Обогнув город с запада, спутники снова углубились в степь.
- Мы доедем до Мышиного мыса, а там уже рукой подать.
Меотянка только вздохнула. С тех пор как они двигались в виду старых валов, на которых когда-то кипела работа, а теперь лишь колыхался бурьян, у нее было нелегко на сердце.
- А сколько у твоего отца земли? - спросила она, чтобы отвлечься.
- Много, - бросил гиппарх. - Мы из первых колонистов. Еще мой прадед приехал сюда из Милета. С четырьмя братьями. Им нарезали землю возле самого Мышиного мыса, они ее вспахали, а тут скифы. Кто бежал, кто спасся. Прадед был в Пантикапее, сбрую покупал. Вернулся - ни своей семьи, ни братьев. Одна земля - хоть ешь ее. - Левкон сжал коленями бока лошади и чуть привстал над седлом. - Во-он лиман. За ним направо, и мы у Мышиного. - Так вот, - гиппарх снова пустил коня рысцой, - прадед один всю землю обработать не мог. Договорился с другими колонистами и раздал им куски за небольшую плату. А лет через десять на эти деньги купил место на Соляном озере и построил солеварню. У него было четырнадцать детей, но только дед дожил до совершеннолетия. Он уже все лишние деньги пускал на покупку пустошей: кого убили, кто сам уехал, а земля осталась. Он даже далеко отсюда в степи купил кусок дикой земли с семью источниками. Так и назвал - Семь Колодцев. Все думали: с ума старик сошел, хочет за воду деньги брать. А дед - нет, говорит, за воду брать грешно, а деньги ко мне и так придут. Вышло по его. Кочевники там всегда скот поили. Дед стал туда зерно возить, соль, овощи, посуду.
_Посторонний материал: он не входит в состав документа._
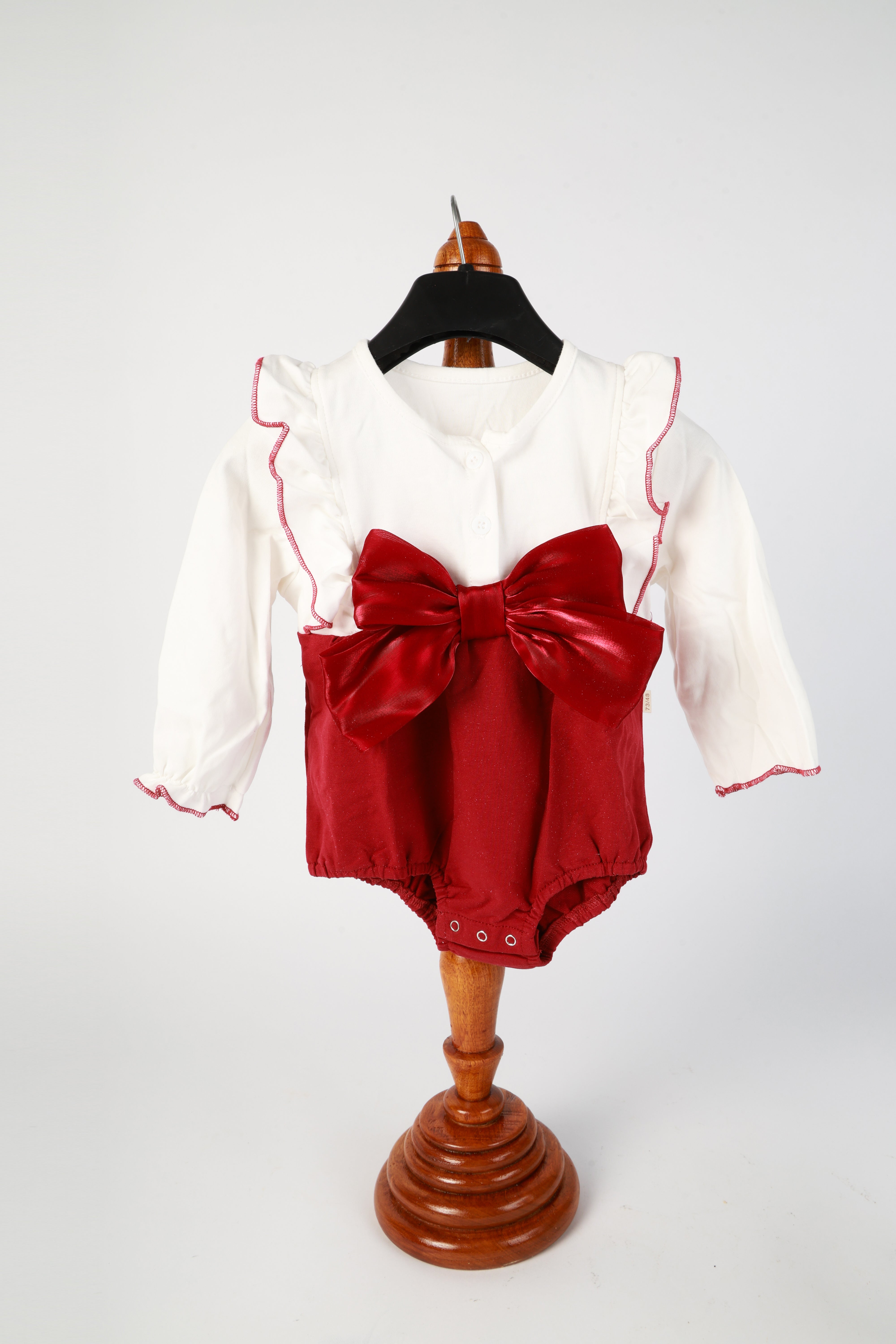 Elegant Baby Girl Photoshoot Dress – White & Red Outfit with Bonnet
За ним односельчане потянулись. Торжок у Семи Колодцев получился - хоть в город не езди. Не только сам старик разжился, весь поселок у Мышиного прибыль имел. За право торговать на его земле он много не брал. Въезжаешь - диабол, и выезжаешь - тоже. Кому жалко? А он на этой бросовой монете еще три солеварни. Вот как.
Арета с удивлением смотрела на своего спутника. Он так увлекся рассказом о приобретениях своих предков, что перестал даже следить за дорогой. Хорошо, сама девушка внимательно посматривала по сторонам.
- Но кажется, сейчас торга в степи нет? - озадаченно спросила она. - Я первый раз слышу про Семь Колодцев, хоть мы здесь кочевали.
- Все дядя! - Левкон плюнул на землю. - Старый козел! Ну не можешь, не берись! Кто неволил? Ему дед оставил Семь Колодцев, а отцу землю у Мышиного мыса. Все по справедливости. Живи - деньги лопатой греби. Нет! - У гиппарха даже щеки покраснели от негодования. - Мало ему показалось, жадность заела. И ведь предупреждал дед: до тех пор торг стоять будет, пока к воде не притронешься. Тот не послушал. Нанял охрану - и больше без денег ни кружки никому, хоть помирай. А в тех местах скота - за день реку выпьют.
- И как же? - затаила дыхание Колоксай. Она понимала, что ее соплеменникам просто не на что покупать воду, они все меняют на коров.
- Ну кочевники его охрану снесли, недолго думая, - поморщился Левкон. - А вода, веришь ли, в тот же день ушла. Будто заговорил кто-то. Вся земля потрескалась.
У Колоксай широко открылись глаза от удивления.
- А нет воды, нет и торга, - заключил Левкон. - Был дядя богатым человеком и в одночасье из-за своей жадности стал нищим. Отец ему денег дал, а землей не поделился. Прости, говорит, брат, нельзя тебе к живому прикасаться. Уходи в город.
- Тогда твоему дяде есть за что вас не любить, - протянула Арета.